There's no learning in the moment and there's no learning in the factory. This is basically me and my writing code. So not an extensible strategy for making general purpose robots in a factory. So the question now is how can we think about making a system like this learn? Okay. So in particular, we want to think about what kinds of things can we learn and how to do it. And so there's there's kind of an interesting distinction.

I really think that there's two importantly different kinds of learning, which, again, people used to talk about a lot back in the day, but I think they tend to model them now a little bit. So a classic kind of learning is to learn about the world, right? So I'm a robot. I don't know what happens if I push this button, so I'm going to try it in your kitchen and see what happens or I'm not sure. So there's some things about how the world works that I don't understand.

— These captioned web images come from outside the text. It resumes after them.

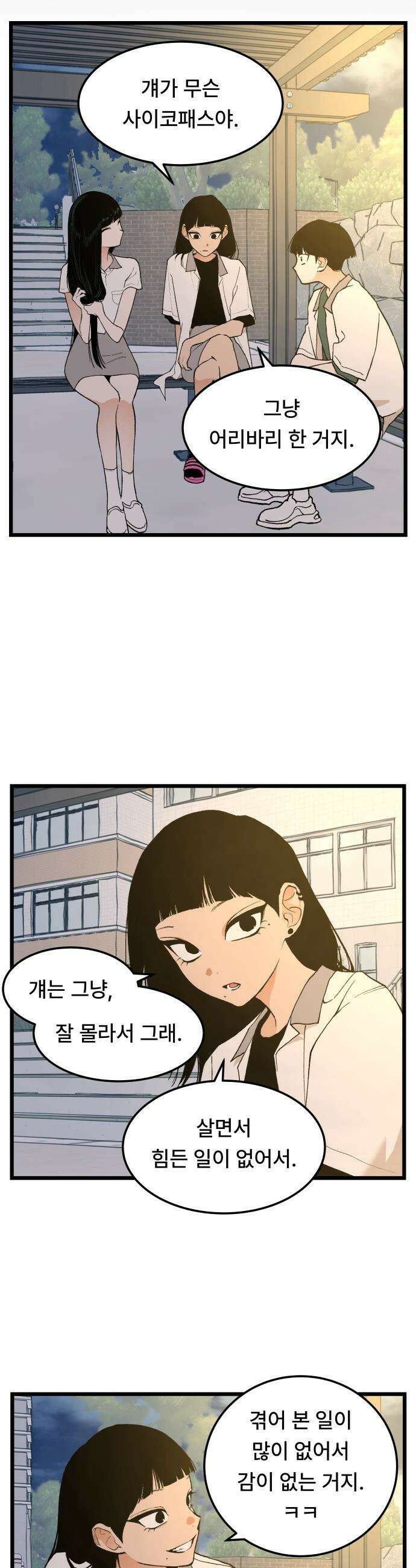 쪽팔려게임 - 13화 7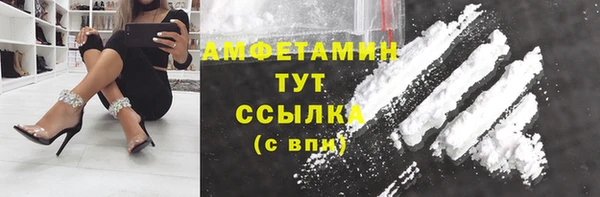 MDMA Арсеньев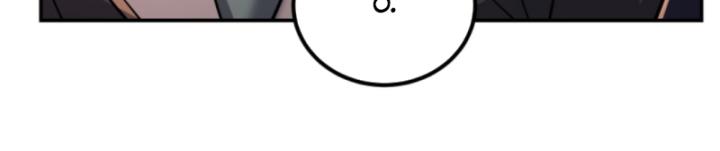 học cùng em gái, tôi bất cẩn vô địch rồi chapter 181 22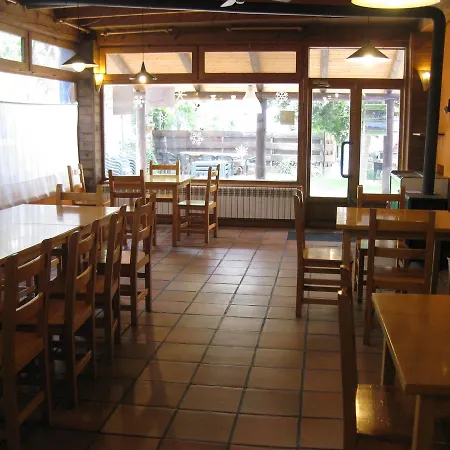 Pajaro Loco Hostal *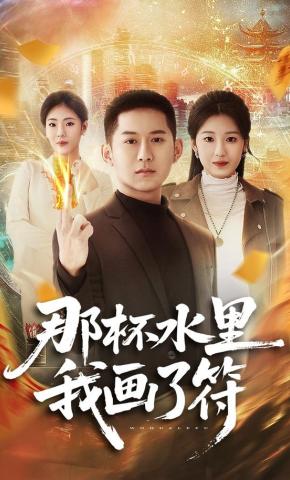 短剧《那杯水里我画了符》海报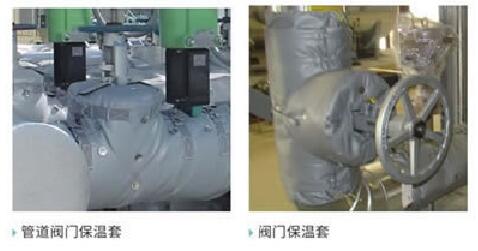柔性玻璃纖維硅膠<a href=http://m.qdangao.com/e/tags/?tagname=%E4%BF%9D%E6%B8%A9%E8%A1%A3 target=_blank class=infotextkey>保溫衣</a>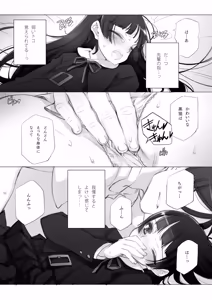 Page 1194 of Shoujo Kishidan & INKPOT Dai Doujin Collection 1994-2022 - preview thumbnail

And I have to do things to gather information to figure out how the how does the world work. I might learn observation models, how to my sensors. Tell me about the world transition models. What happens if I do this? Most of the work right now in robot learning is focussed on these two lower boxes, right? So one thing is object detection, which has been huge, right?

So various kinds of perception has been very important to us and also primitive policies, strategies for picking things up or reorienting something in my hand or riding a bicycle or walking. Right. So those are all very important kind of you can think of them as sort of closed sensory motor loops. So this is this is one kind of learning which is really gathering information about the world that time.

There's another kind of learning which is at least as important, I think, which is learning to reason more efficiently or effectively. And I would argue that learning to play chess or go or Starcraft, is that right? Especially chess and go. Maybe not the Starcraft thing just to go to figure out, you know, the rules. Once you read the rules information, theoretically you were capable of making an optimal first move. It's just that you're too dumb to compute that right.

If you just had a better computer, you wouldn't have to learn any new information. So you have to put the information in a different form, but you've got the information. And so there are lots of opportunities within a kind of an estimation and planning and reasoning architecture like the one I told you about to also do that kind of learning.

And so we're thinking about what kinds well, I'm going to do now is talk now concretely about some particular thread of work that's going on right now in my group involving learning transition models. And a little bit about learning sampling for planning because when you plan in continuous domains, you have to do something to manage the the continuity, the continuum of the possible actions that you can take. Okay. So old story. Lots of models in the world.

They're all wrong. Some are useful. And useful for what? So we have to think about if we're going to learn a model of the actions the robot can take. What kind of a model could we learn? I had a post-doc named George Kennedy Ross, who thought, I think very nicely and usefully about the continuum and abstraction in learning models for robots. He likes to talk about the swamp. You can imagine there's some system of partial differential equations that really governs how the world works.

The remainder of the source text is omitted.